Vinte e dois de dezembro de 2012. O Vantuir é o primeiro a
acordar. Tudo escuro. Tenta se levantar e constata que está preso sob um corpo
e muitos, muitos entulhos: caixas, garrafas, restos de comida. Com muito
esforço, consegue esticar o braço e encontrar o que parece ser a perna de uma mesa, onde firma o braço e
consegue sair debaixo daquele corpo que, com seu movimento, emite alguns
grunhidos.
Acostumando os olhos à escuridão, Vantuir senta em uma cadeira e
começa a relembrar o dia anterior: o dia do fim do mundo. Os fatos começam a
retornar, do fundo da sua cabeça dolorida. Era sexta-feira, e a turma toda
tinha decidido fazer o happy-hour de sempre, mesmo que fosse o último. Na
verdade, não dava pra afirmar que tinha sido uma sexta-feira como qualquer
outra: lembrou que ele, Minduim, Mário Lúcio e o Vianinha tinham decidido se
vingar dos clientes que atormentavam suas vidas: fizeram questão de ligar para
cada um deles, em nome da empresa e dizer tudo que queriam ter dito ao longo
dos anos. Também aproveitaram para apagar os históricos, enviar todos os
títulos para protesto e cancelar todas as encomendas. E, já que era o fim
mesmo, invadiram a sala do chefe, rasgaram todos os documentos, quebraram o
computador e arranjaram um vira-lata para colocar dentro da sala, antes de
abandonarem o prédio como um bando de malucos gritando e quebrando tudo.
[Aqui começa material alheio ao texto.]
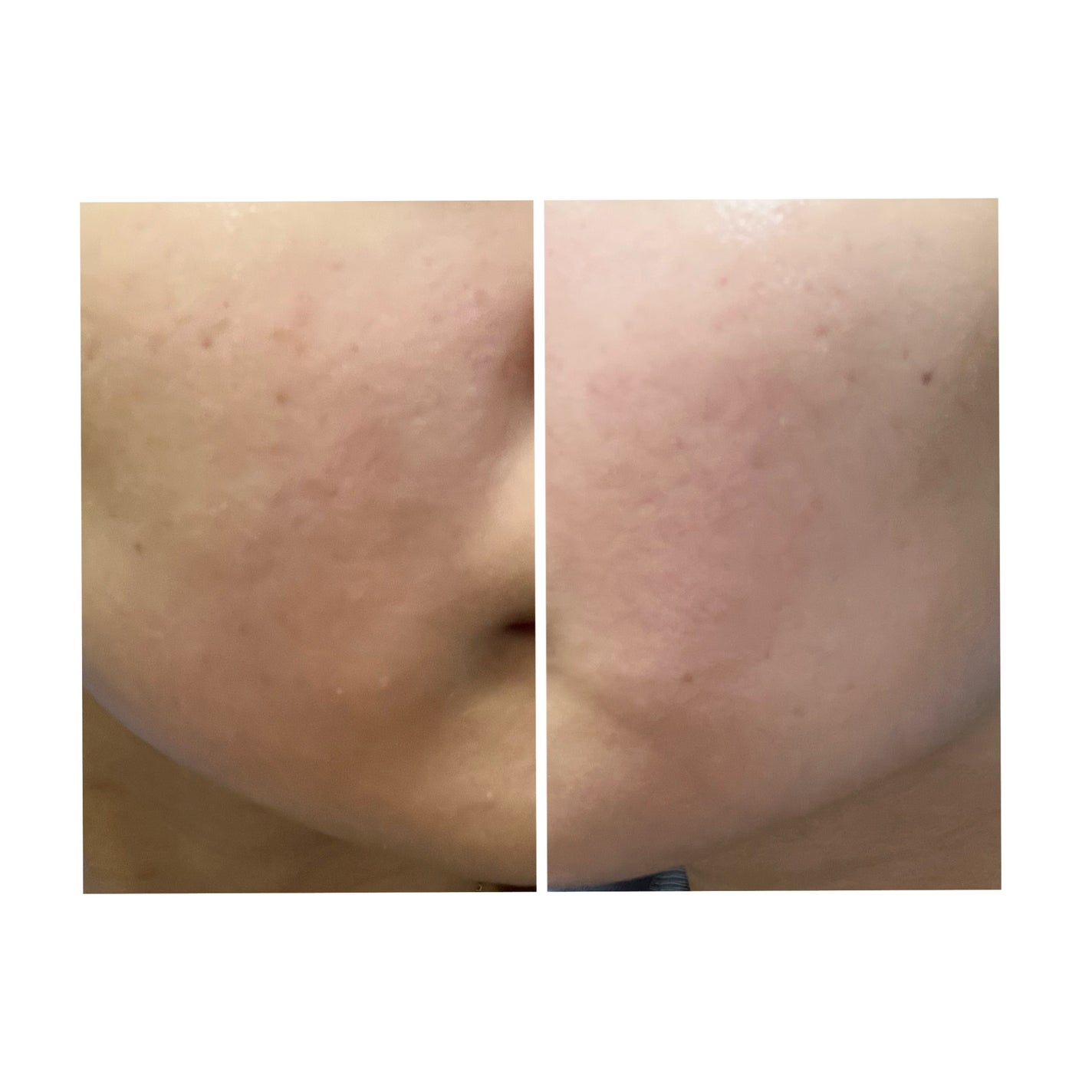 ぽむ on LIPS 「2023.9.13皮膚科に受診 エピデュオとヘパリン処方1枚目..」(4枚目)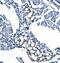 Eukaryotic Translation Termination Factor 1 antibody, M04157-1, Boster Biological Technology, Immunohistochemistry paraffin image 
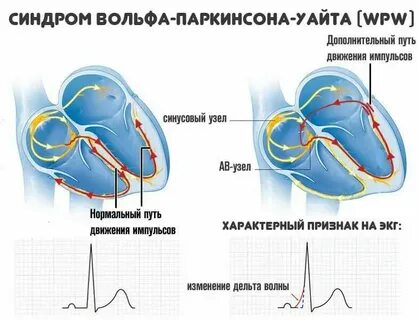 Признаки феноменов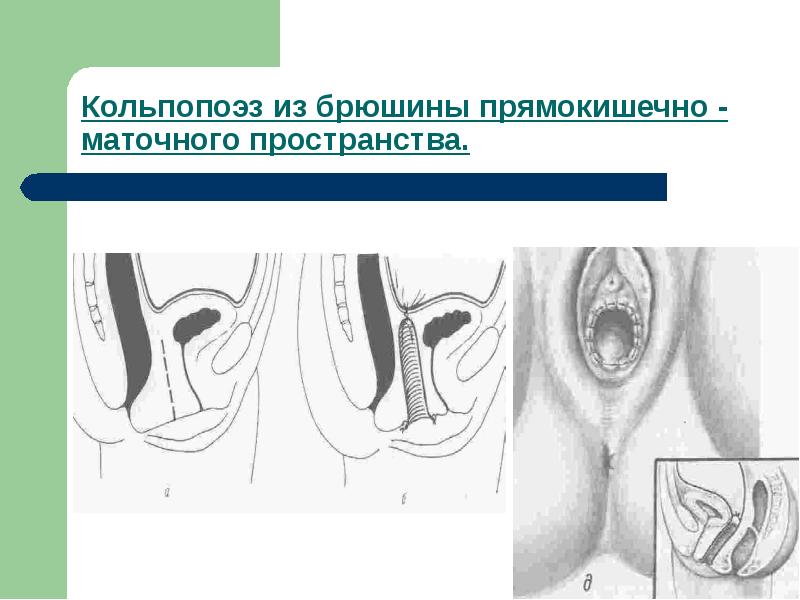 Аномалии развития женских половых органов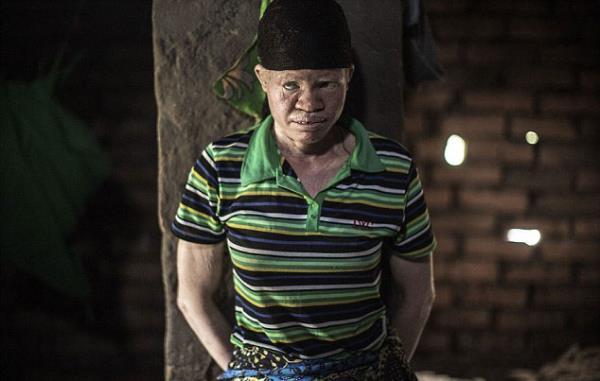 Ten renkleri yznden acmaszca ldrlen albinolar korku iinde yaamlarn srdrmeye alyor...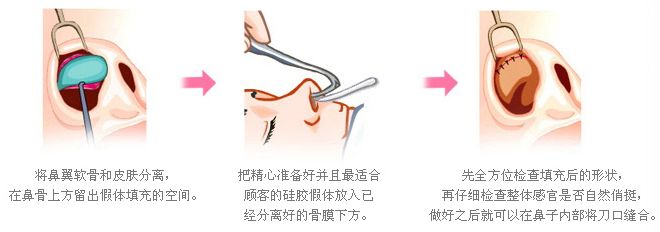 武汉韩式隆鼻会有副作用吗?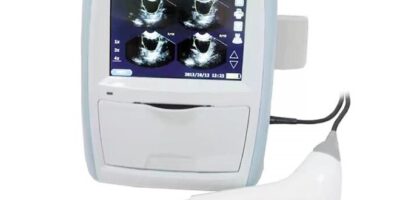 3D Ultrasound Bladder Scanners Market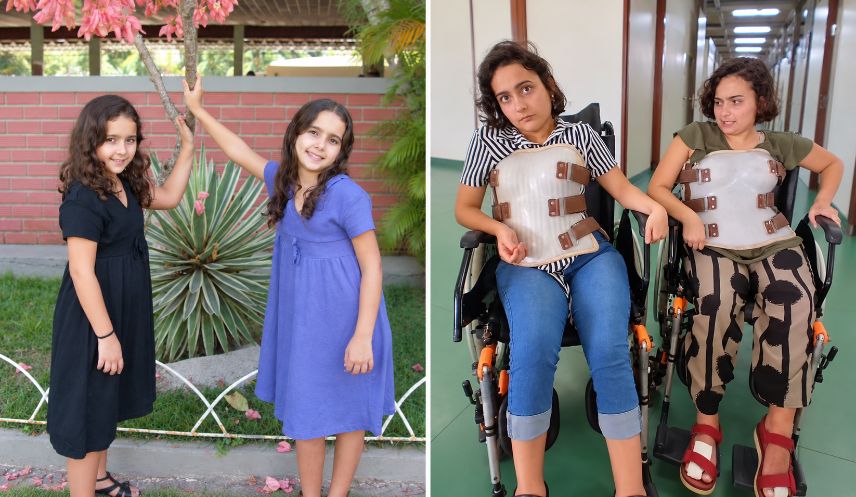 Gêmeas de 28 anos estão perdendo a visão e a fala para uma doença rara, e a mãe luta sozinha por um tratamento de quase R$ 500 mil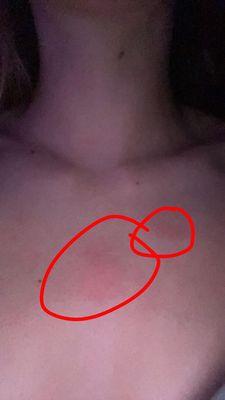 Marking on my chest from getting smacked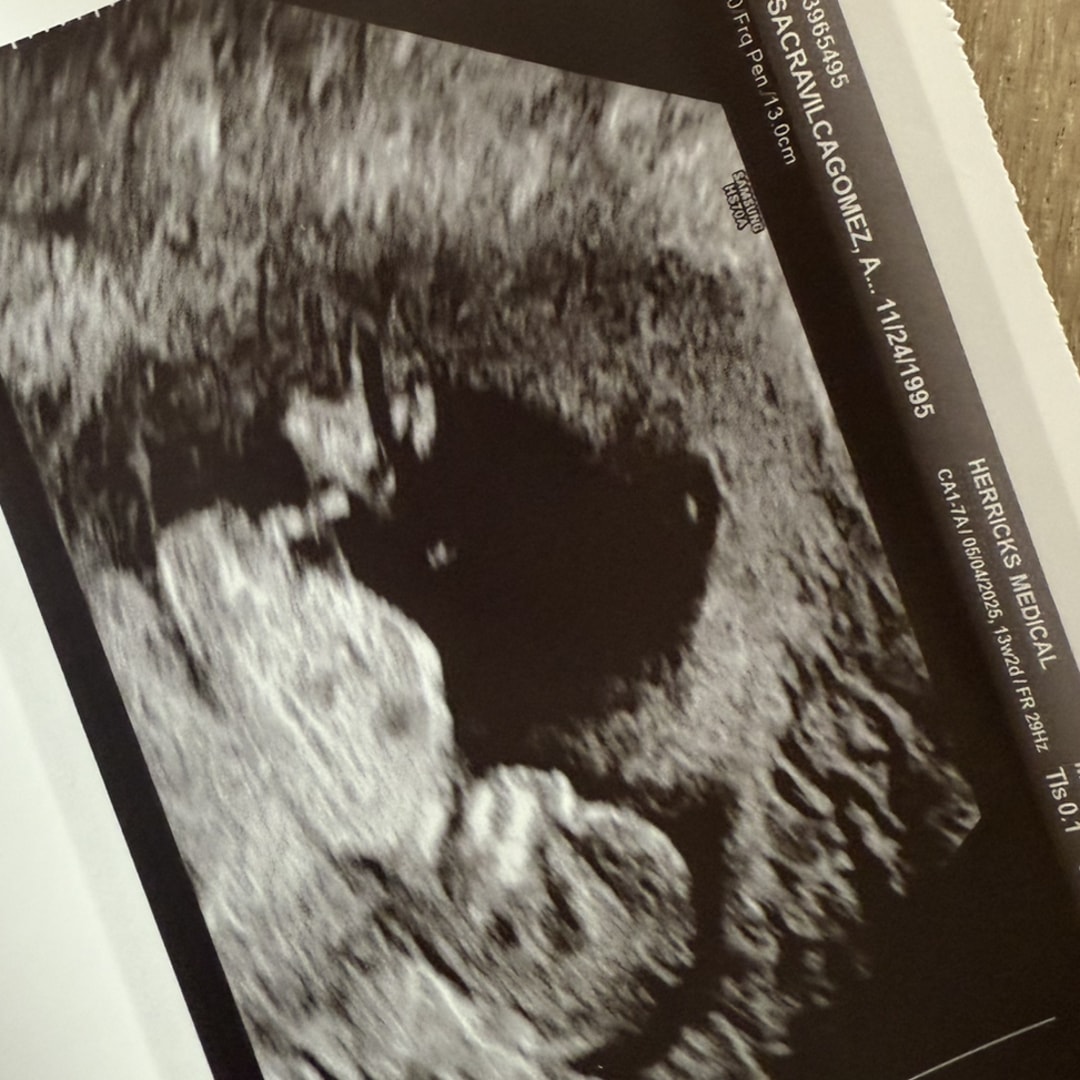 Photo shared by Angel for their Babylist baby registry.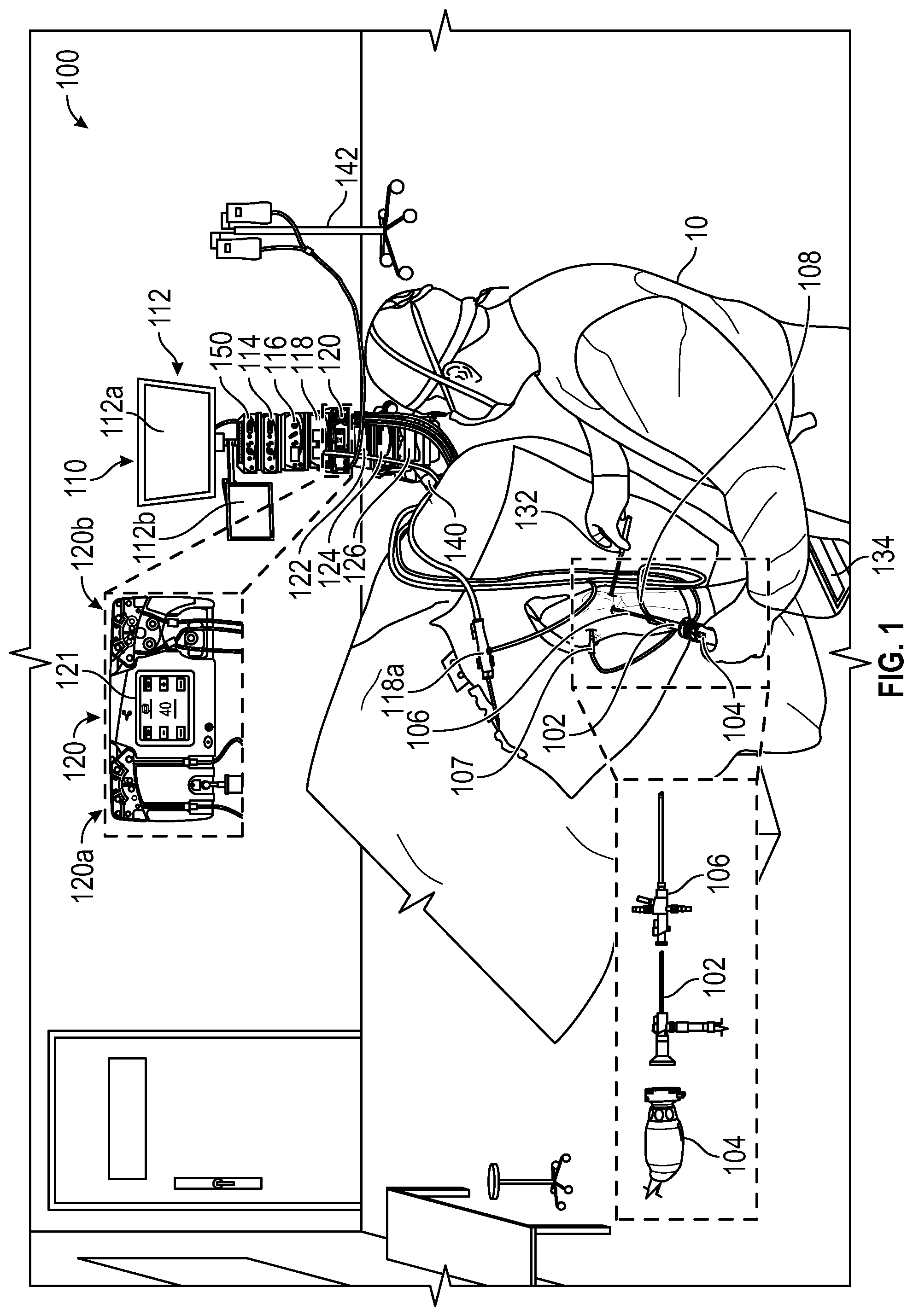 Patent US12096945 — Systems and devices for endoscopic procedure analysis based on state data — Figure 1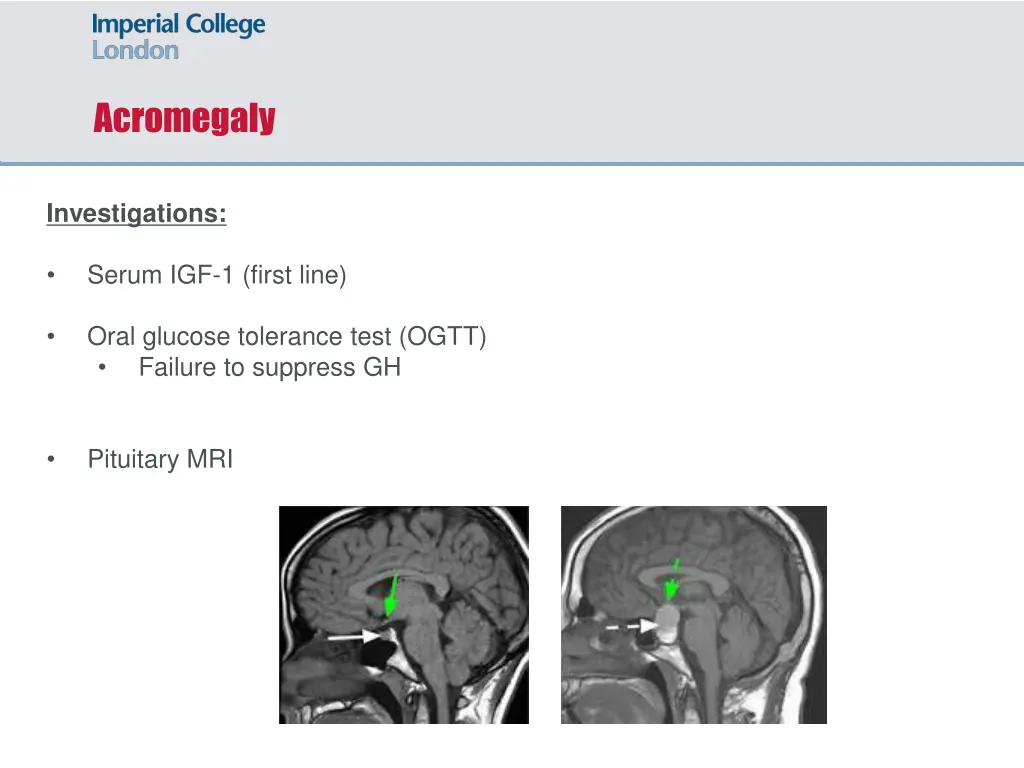 acromegaly 6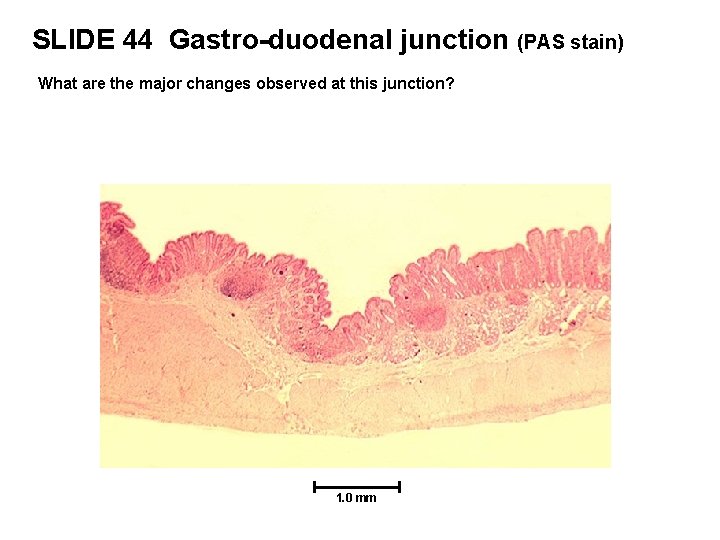 SLIDE 44 Gastro-duodenal junction (PAS stain) What are the major changes observed at this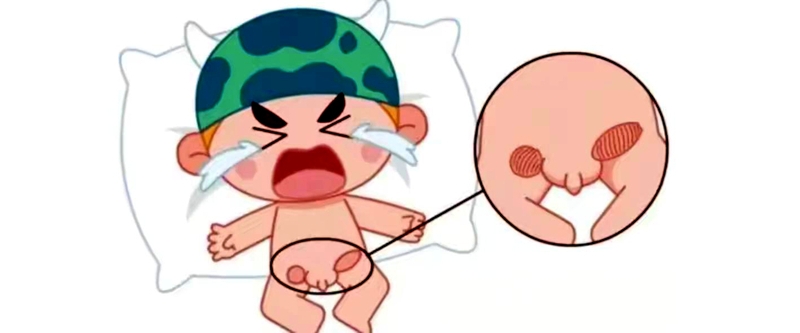 小儿疝气治疗黄金期来临！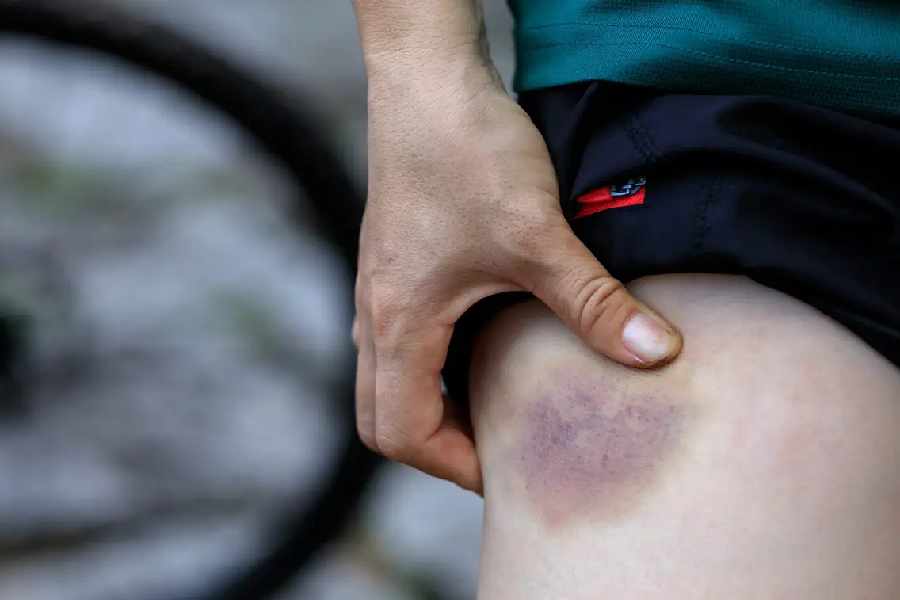 All you need to know the possible reasons behind bruises 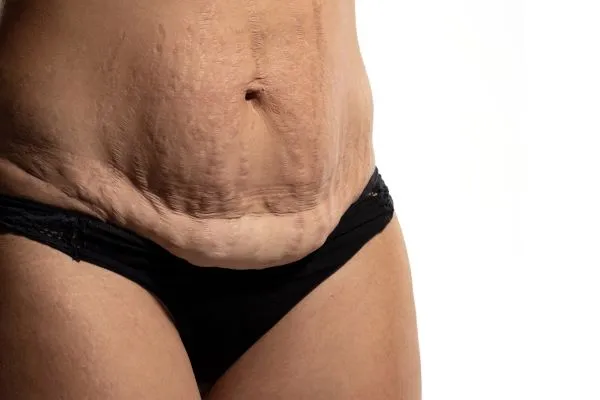 The Science of Skin Tightening 1 The science behind skin tightening York picture of a woman's sagging skin on the stomach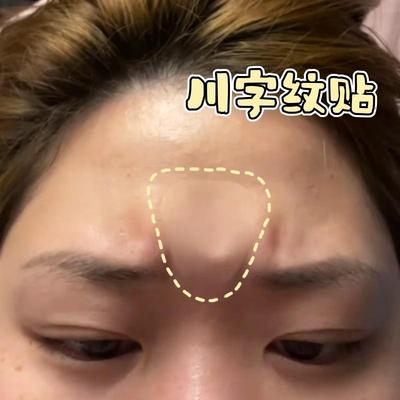 川字纹贴睡觉专用眉间额头贴面部提拉隐形贴紧致抬头纹防皱纹神器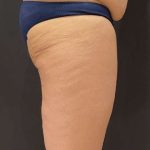 Liposuction Before & After Patient #11450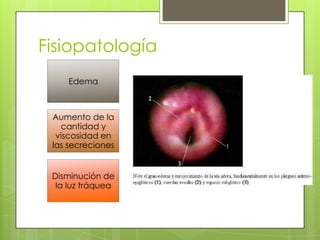 Fisiopatología
Edema

Aumento de la
cantidad y
viscosidad en
las secreciones
Disminución de
la luz tráquea

 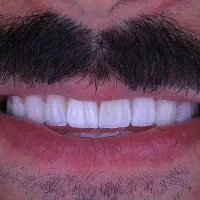 نیازمند دندانپزشک دارای پروانە طبابت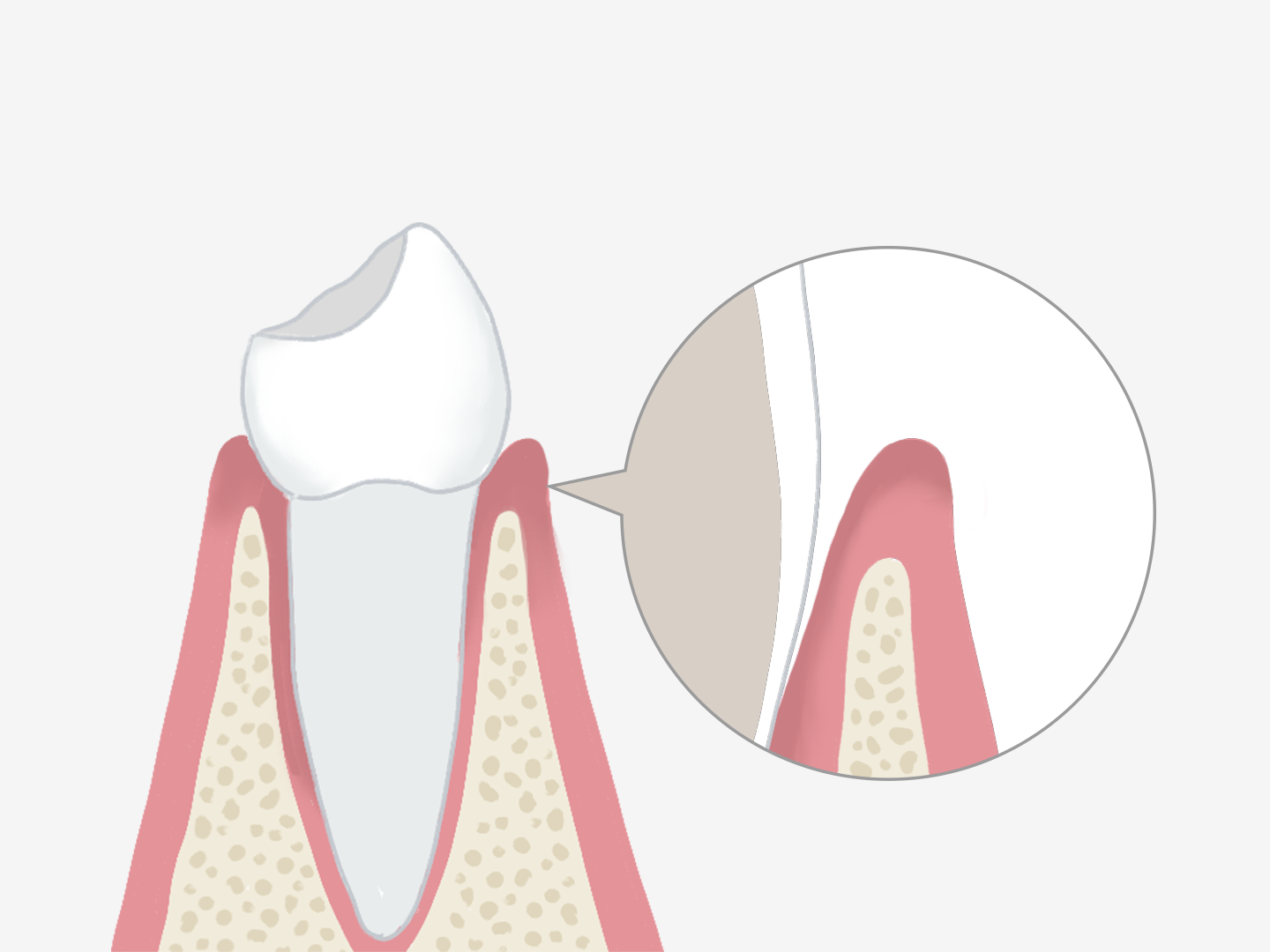 歯周組織再生治療イメージ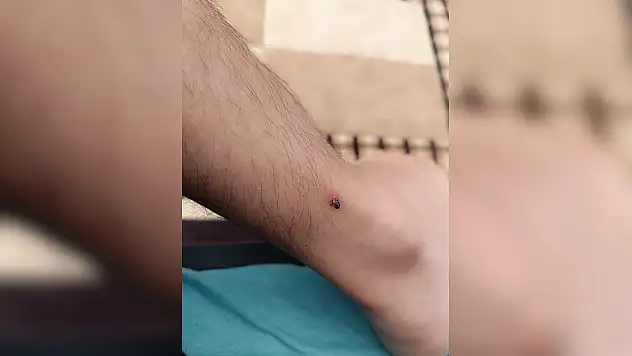 Kayseri'de kene paniği: 1 kişi hastaneye kaldırıldı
Estava ainda organizando os pensamentos quando viu que mais alguém
tinha sobrevivido: Era o Minduim, que se aproximava arrastando os pés, sujo,
com as roupas em pedaços e tinta verde no cabelo.
- Parece que sobramos... – disse o Vantuir.
- Só nós dois? – perguntou Minduim, enquanto coçava o que havia
sobrado de cabelos na cabeça.
- Por enquanto... – tinha um corpo em cima de mim, mas não sei se
está vivo.
- Era grande? Porque você passou a noite toda abraçado na Dona Verônica.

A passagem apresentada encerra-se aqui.